[TASK STATEMENT]:
Leave every image behind and restate the data word for word.

[DATA SEGMENT]:

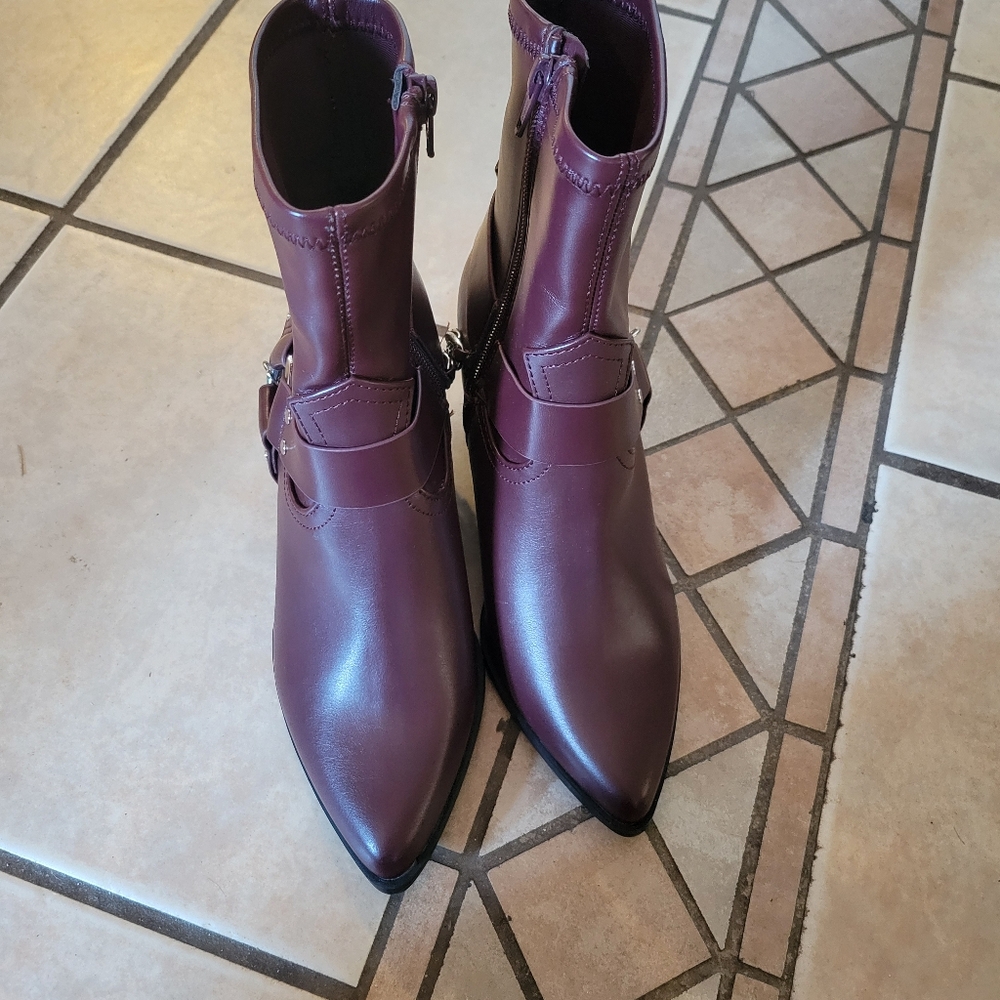 Dolce Vita Keeler Burgundy Ankle Boots - Picture 4 of 5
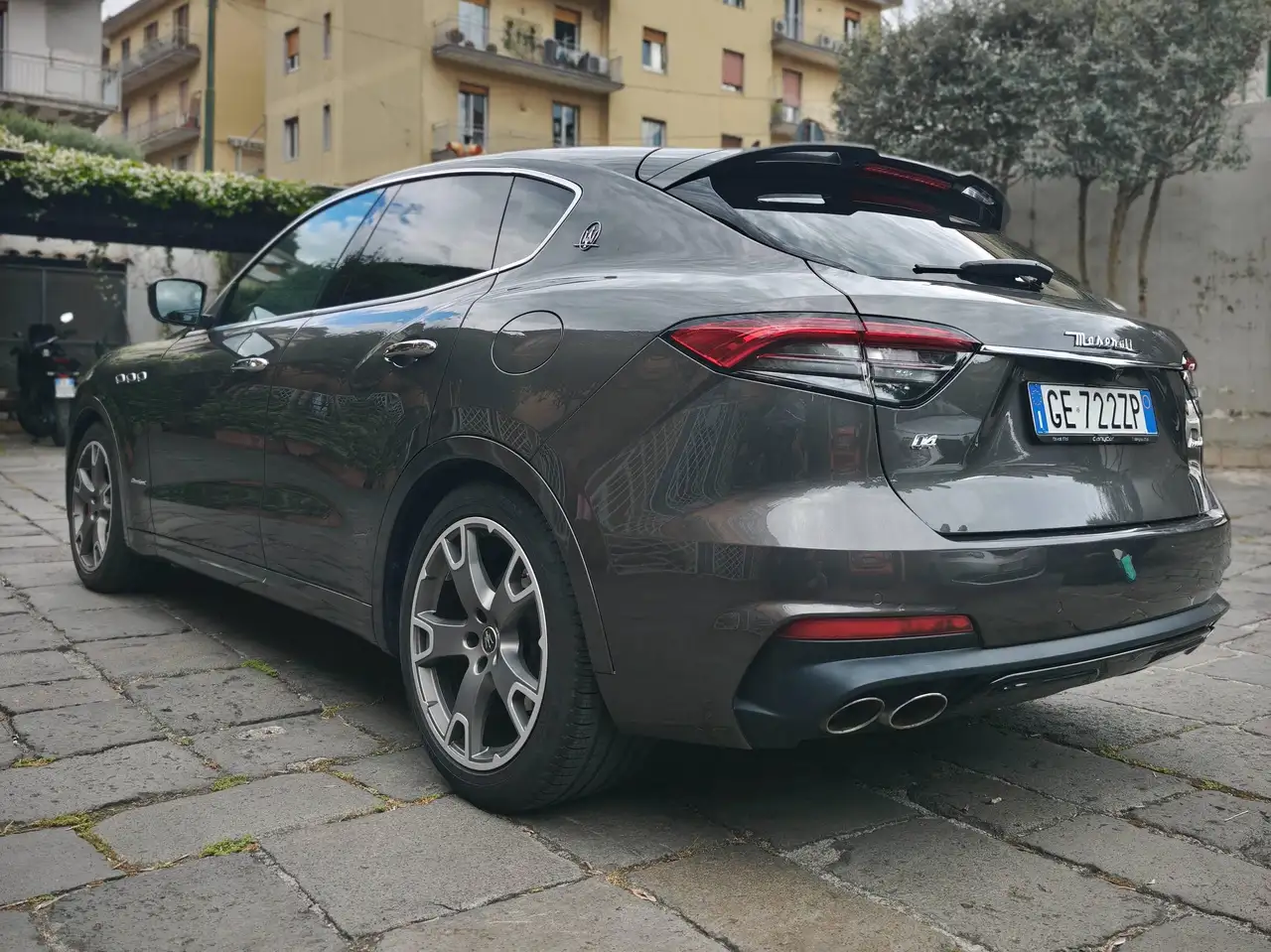 Maserati Levante 2021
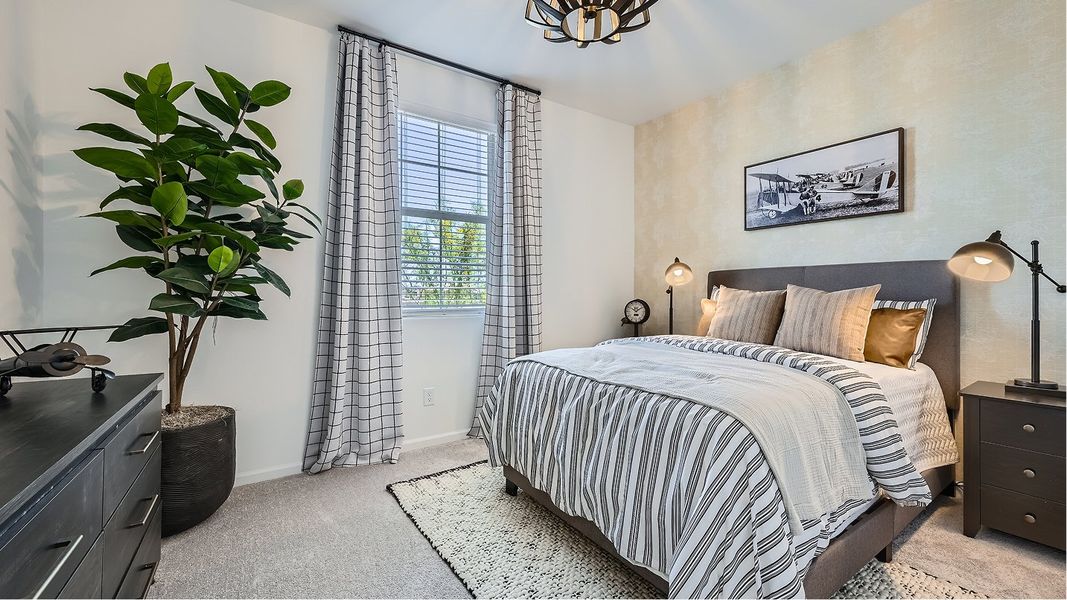 4083 Revolution Bed3 Base8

[EXERCISE RESPONSE]:
 Dolce Vita Keeler Burgundy Ankle Boots - Picture 4 of 5
 Maserati Levante 2021
 4083 Revolution Bed3 Base8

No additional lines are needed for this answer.